Using the data below, transcribe exactly everything from the line that contains "Used 2025 Toyota RAV4 LE AWD/4WD image 3" down to the line that contains "pink felt slippers". Include both of those lines and none of the pictures.
:: Raw data ::
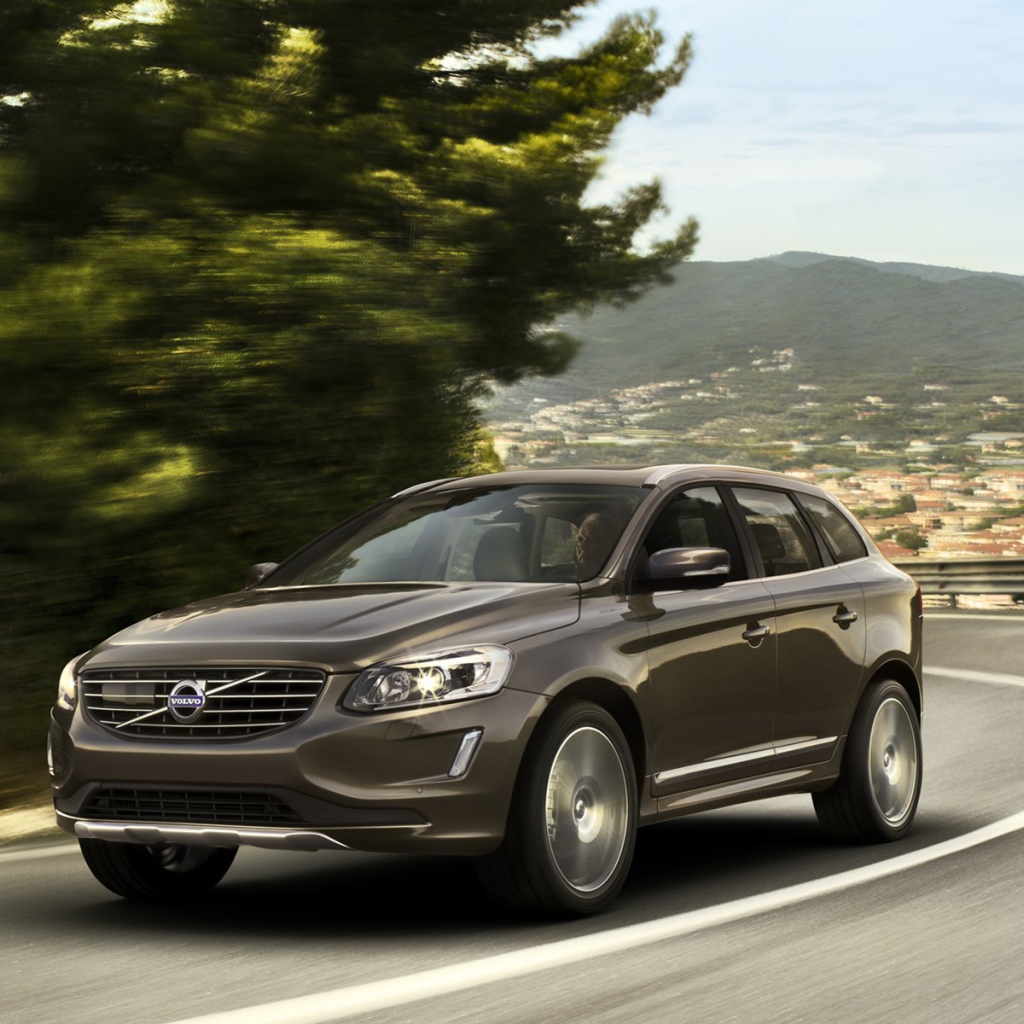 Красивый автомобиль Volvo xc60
:::
:: Raw data ::
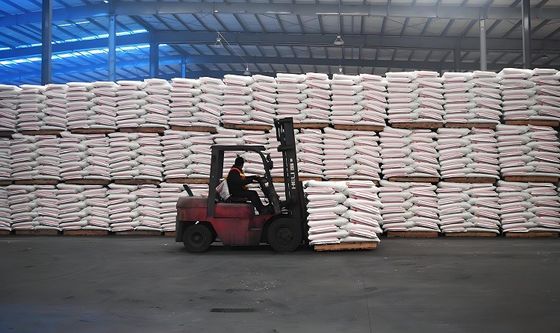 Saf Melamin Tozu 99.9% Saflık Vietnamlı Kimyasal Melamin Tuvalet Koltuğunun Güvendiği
:::
:: Raw data ::
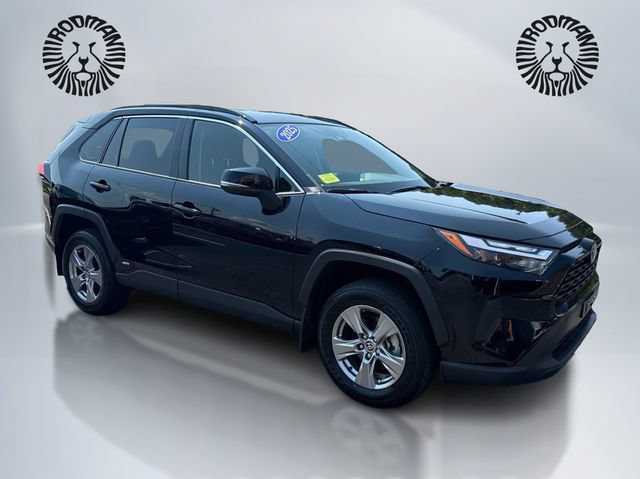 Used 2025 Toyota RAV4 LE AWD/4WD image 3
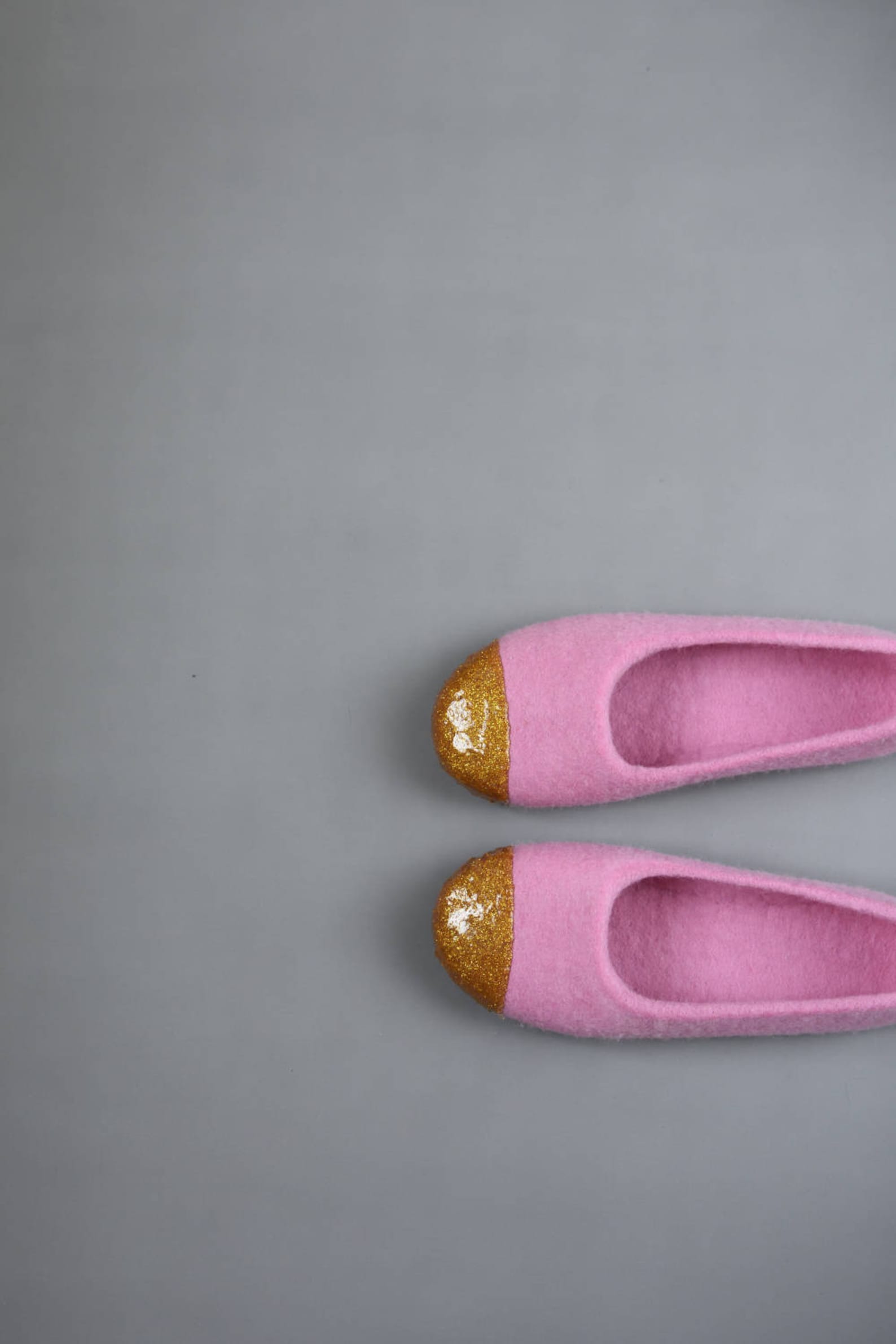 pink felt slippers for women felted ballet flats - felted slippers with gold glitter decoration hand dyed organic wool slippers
:::
--- Task result ---
 Used 2025 Toyota RAV4 LE AWD/4WD image 3
 pink felt slippers for women felted ballet flats - felted slippers with gold glitter decoration hand dyed organic wool slippers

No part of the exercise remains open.